Sahilde biraz zaman harcadıktan sonra geceyi geçirecek, çadır kuracak bir yer arayışına tekrar başladık. Ekmeksiz Tabiat Parkı'nın içindeki Büyük Akkum Plajına çadır atmayı düşündük ama navigasyonun gösterdiği yolu kapatmışlar. Bu nedenle tabiat parkını es geçip Akarca Plajına rotayı çevirdik.  Burası mavi bayraklı plajı da olan, geniş kumsala sahip bir alandı. Burada denize sıfır çadırı kurduk. Tek sıkıntı rüzgarın bir dakika bile kesilmemesi ve şiddetinin yüksek olmasıydı. Bu tabi ki bize engel olmadı. [Hatta üstüne ateş de yakıp tavuk kızarttık :)]

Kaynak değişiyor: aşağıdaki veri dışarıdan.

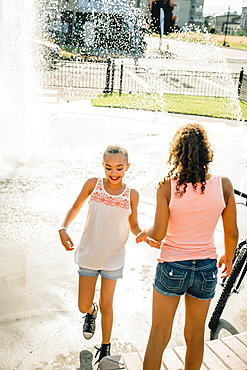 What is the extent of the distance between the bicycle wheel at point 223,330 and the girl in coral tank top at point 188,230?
→ 113 centimetres

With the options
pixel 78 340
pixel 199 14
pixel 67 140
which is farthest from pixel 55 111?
pixel 199 14

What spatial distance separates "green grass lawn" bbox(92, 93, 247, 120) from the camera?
51.1 feet

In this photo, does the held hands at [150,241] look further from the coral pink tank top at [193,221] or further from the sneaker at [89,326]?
the sneaker at [89,326]

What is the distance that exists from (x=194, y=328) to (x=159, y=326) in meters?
0.24

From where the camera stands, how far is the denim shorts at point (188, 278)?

Akarca Plajından denize düşen yakamozu izlemesi, Murat ile muhabbet ve sabah yaptığım yürüyüş, hatırlanacak önemli noktalardı. Bir de Murat'ın yaptığı Absolute!

Sabah çok geç olmadan çadırı toplayıp tekrar yola koyulduk. Kahvaltımızı Seferihisar'da çok sevimli bir restoranda çorba içerek yapıp Şirince'ye kısa bir ziyaret gerçekleştirdikten sonra yönümüzü Kuşadası'na çevirdik. Milli Parkta çadır kurulmayacağını öğrendiğimizde mecburen Sevgi Plajı'nda çadır kurduk. İlginçtir, koskoca 'Çadır Kurmak Yasaktır' yazısından içeri girip  belediyenin izin verdiği 200'den fazla çadırla karşılaştık. Her halükarda çadır kuracaktık ama bu kadarını beklemiyorduk[İronik]. Gece çadırı kurduğumuz yerden [ücretsiz ama otoparka 10 TL giriş ücreti ödedik] bizi sabahın erken saatinde kaldırıp bulunduğumuz alandan çadırları kaldırmaları, bu alanı da ücretli çadır kuranlara ayırmaları da ironik. Neyse...

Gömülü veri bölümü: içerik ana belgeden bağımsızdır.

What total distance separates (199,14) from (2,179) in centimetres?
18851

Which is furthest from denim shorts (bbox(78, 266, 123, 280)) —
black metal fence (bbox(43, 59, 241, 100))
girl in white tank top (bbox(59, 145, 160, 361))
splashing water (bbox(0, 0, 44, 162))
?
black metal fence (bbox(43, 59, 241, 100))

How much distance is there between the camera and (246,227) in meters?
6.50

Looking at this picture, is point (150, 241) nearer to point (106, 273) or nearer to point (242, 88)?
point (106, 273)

Kuşadası'na vardığımızda şansımıza Kuşadası Gençlik Festivali'nin zamanına denk gelmiştik. İlk gün münasebetiyle MFÖ, Seksendört, Umut Kuzey, İskender Paydaş, Son Feci Bisiklet, Supernova gruplarının konserlerine giriş ücretsizdi. Biraz yüzdükten sonra Murat'ın girişimciliği vasıtasıyla tanıştığımız kişilerle konsere gittik. Murat'la kamp maceramız burada bitiyordu ve Kuşadası, belleğimizde son güne yakışır, unutulmaz anılar bıraktı.



Bir insanı yakından tanımak için seyahate çıkmak gerçekten önemliymiş. Onunla ilgili her şeyi öğrenebiliyor, gözlemleyebiliyor ve kendi düşünceni oluşturabiliyorsunuz. Artıları ve eksileriyle bir insanı kabullenmek, işte bütün konu buydu. Murat'la tanıştığıma memnun oldum.

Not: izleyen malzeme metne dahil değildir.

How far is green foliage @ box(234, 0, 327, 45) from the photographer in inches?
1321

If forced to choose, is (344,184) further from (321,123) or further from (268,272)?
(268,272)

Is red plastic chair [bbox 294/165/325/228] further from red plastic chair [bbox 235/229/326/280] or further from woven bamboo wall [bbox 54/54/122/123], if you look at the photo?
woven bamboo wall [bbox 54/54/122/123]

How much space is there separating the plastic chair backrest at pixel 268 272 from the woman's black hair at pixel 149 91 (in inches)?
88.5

Yola tekrar koyulduğumuzda gün akşama yaklaşıyordu. Murat'ı Söke'de bırakıp yönümü Didim'e çevirdim. Yolda gördüğüm koylara uğrayıp, kafama göre bir yer bulmaya çalıştım: çadır kurmak, yüzmek ve güneşe uyanmak için uygun bir yer. Yolda geçtiğim alanlar içime sinmedi. Deniz benim için genellikle kumsaldan ve temiz alanlardan oluşmaktaydı. Çünkü diğer her şeyi sen ayarlayabiliyorsun. Bu koylar da ya temiz değildi ya kumsalı yoktu ya da gözüme güvenli görülmedi. Paralı kamp alanı olan Tavşan Burnu Tabiat Parkı'nı ise hızlıca es geçtim. Bu kamp döneminde para vererek kamp yapmayacaktım. Hz. Google yine imdadıma yetişti ve haritalarda plaj arattığımda 3. Plaj olarak geçen yere gitmemi söyledi :). Küçük bir plajdı. Plajı vardı ve  mavi bayraklıydı. Biraz daha keşfe çıktığımda, iki tane restorant/çay bahçesinin, ücretli tuvaletin, ücretli duşun ve hemen yokuşun üstünde marketin olduğunu fark ettim. Akşam temizlik yapan görevliye kamp atılıp atılmayacağını sorduğumda, çadırın ücretsiz kurulabileceğini belirtti. Sonraki iki gece burada kamp kurdum. Kamp kuracak kişilerin kesinlikle ve kesinlikle Altınkum plajından ziyade burada kamp atmalarını tavsiye ederim. Altınkum Plajına araçla girmek yasak, burada arabayı çok yakına da park etme olanağınız var. Ücret ödemeden kamp atabilirsiniz. Tek sorun tuvaletin ücretli olması. Fakat bunu da bir şekilde çözebiliyorsunuz :)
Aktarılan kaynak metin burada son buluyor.